Azure, a plate hugging three unequal roundels of the Field, kissing pairwise.
Motto: In Spem Contra Spem.
("In Hope against Hope.")
Crest: Dragon-slaying
Archangel Michael Or.
Supporters: Two lions Argent.
The essential part is the center where you see four mutually tangent circles that generate a so-called Apollonian circle packing (named after Apollonius of Perga, 2nd century B.C.). Such a packing is a fractal set in the plane, which one obtains if one keeps removing from the curvilinear triangles the tangent discs. In the Renaissance, these configurations were a subject of study for the French philosopher and mathematician René Descartes and later, in the twentieth century, for Frederick Soddy, who won the 1921 Nobel Prize in Chemistry. Soddy discovered the integral Apollonian packings (IACP) where the reciprocals of the radii are integers, for all circles in the packing. The theory of these IACP is today a rich mathematical research area, at the interface of hyperbolic geometry, dynamics, and number theory.
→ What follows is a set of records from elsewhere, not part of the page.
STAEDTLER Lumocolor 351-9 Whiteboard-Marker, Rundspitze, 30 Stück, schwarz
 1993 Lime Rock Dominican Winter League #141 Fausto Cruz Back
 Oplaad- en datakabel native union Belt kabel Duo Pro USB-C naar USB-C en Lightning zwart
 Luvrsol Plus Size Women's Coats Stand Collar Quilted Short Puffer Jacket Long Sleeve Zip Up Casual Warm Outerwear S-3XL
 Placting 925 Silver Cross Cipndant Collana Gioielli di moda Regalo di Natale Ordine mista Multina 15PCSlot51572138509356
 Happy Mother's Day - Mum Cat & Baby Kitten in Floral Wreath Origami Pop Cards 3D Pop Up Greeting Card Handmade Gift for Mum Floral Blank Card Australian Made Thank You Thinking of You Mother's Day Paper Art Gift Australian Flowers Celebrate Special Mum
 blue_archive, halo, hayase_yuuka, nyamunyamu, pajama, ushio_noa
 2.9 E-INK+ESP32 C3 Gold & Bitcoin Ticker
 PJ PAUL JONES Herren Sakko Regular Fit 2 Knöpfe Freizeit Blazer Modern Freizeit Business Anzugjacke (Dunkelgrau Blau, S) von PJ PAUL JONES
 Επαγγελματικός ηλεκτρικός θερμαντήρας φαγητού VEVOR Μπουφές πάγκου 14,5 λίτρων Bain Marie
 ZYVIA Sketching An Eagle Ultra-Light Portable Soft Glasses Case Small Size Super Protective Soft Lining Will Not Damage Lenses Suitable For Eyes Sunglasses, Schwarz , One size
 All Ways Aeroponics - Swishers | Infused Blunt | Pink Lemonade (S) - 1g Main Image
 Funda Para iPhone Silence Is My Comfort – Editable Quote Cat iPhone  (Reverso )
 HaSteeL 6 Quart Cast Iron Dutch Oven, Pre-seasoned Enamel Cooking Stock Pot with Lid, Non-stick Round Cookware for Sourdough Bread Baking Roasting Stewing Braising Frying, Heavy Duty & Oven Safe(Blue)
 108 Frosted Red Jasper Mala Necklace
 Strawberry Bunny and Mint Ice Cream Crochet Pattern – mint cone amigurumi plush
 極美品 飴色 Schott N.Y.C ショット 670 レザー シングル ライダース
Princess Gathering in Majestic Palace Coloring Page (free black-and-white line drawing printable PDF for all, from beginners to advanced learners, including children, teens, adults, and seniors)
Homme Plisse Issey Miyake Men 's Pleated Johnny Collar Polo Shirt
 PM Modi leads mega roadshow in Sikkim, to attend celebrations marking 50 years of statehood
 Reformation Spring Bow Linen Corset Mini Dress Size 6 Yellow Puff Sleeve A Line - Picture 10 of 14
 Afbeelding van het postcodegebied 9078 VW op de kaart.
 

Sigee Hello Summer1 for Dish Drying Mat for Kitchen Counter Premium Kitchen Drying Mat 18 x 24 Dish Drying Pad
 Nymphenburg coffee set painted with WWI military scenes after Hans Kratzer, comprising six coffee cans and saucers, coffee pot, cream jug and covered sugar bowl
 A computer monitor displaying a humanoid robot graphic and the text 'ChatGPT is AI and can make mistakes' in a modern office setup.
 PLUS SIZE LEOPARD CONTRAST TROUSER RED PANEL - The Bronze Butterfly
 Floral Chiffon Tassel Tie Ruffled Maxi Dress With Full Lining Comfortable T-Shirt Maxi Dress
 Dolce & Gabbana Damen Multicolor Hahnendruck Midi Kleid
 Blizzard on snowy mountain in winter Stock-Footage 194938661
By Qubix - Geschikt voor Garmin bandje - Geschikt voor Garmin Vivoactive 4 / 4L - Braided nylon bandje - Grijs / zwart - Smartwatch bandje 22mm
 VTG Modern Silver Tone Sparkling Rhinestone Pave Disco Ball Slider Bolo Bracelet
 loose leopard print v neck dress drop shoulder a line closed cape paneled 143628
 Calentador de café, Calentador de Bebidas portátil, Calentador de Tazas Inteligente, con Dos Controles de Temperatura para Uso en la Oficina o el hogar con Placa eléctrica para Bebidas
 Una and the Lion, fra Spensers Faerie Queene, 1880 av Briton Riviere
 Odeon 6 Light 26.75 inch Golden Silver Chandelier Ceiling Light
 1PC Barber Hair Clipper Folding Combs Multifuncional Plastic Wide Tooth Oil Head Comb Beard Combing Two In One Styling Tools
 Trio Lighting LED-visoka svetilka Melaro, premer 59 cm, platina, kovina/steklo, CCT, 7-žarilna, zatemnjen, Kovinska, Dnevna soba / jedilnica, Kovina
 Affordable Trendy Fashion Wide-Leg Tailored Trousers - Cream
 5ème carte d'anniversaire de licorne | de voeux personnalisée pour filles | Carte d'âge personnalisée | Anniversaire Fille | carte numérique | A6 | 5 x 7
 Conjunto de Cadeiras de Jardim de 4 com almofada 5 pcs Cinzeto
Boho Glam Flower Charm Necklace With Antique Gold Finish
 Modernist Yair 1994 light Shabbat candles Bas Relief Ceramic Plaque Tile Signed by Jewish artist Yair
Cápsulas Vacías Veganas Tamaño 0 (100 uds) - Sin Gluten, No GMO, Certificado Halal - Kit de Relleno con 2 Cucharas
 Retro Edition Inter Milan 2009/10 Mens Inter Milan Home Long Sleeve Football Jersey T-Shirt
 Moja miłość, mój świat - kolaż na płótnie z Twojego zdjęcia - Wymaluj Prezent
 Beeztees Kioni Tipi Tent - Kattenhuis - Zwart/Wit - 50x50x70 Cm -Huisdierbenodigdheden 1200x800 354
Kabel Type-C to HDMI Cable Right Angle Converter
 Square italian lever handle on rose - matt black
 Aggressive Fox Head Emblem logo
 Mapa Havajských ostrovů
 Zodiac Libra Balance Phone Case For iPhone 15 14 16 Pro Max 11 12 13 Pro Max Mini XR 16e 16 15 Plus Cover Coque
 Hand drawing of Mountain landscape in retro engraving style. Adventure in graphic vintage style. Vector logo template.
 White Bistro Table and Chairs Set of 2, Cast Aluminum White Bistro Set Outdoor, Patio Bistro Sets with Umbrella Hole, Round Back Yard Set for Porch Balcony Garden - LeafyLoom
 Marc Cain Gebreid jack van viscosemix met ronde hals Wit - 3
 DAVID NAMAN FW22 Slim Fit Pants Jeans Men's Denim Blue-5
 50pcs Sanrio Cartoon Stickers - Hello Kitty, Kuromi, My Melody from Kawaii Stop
Jean Bourgain was born on 28 February 1954 in Ostend, Belgium. In 1975, he received a Belgium Research Fellowship which supported him until 1981. He earned a doctorate in 1977 from the Free University of Brussels (VUB) under Freddy Delbaen. In 1979, Bourgain received his Habilitation and was awarded the Alumni Prize from the Belgium NSF.
From 1981 to 1985, he was a professor at the Vrije Universiteit Brussel.
From 1985 to 1995, Bourgain was professor at the Institut des Hautes Etudes Scientifiques (IHES). Also, from 1985 to 2006, he was J. L. Doob Professor of Mathematics at the University of Illinois.
In 1994, Jean Bourgain received the Fields Medal and joined the faculty of the Institute for Advanced Study in Princeton, NJ (he is now IBM von Neumann Professor in the School of Mathematics).
In 2012, he and Terry Tao received the Crafoord Prize in Mathematics from the Royal Swedish Academy of Sciences. In 2016, Jean Bourgain was awarded the Antonio Feltrinelli International Prize.
Finally, in December 2016, Baron Jean Bourgain was awarded the 2017 Breakthrough Prize in Mathematics. He died from pancreatic cancer at the age of 64 (on 2018-12-22, at the Imelda Hospital in Bonheiden near Brussels, Belgium).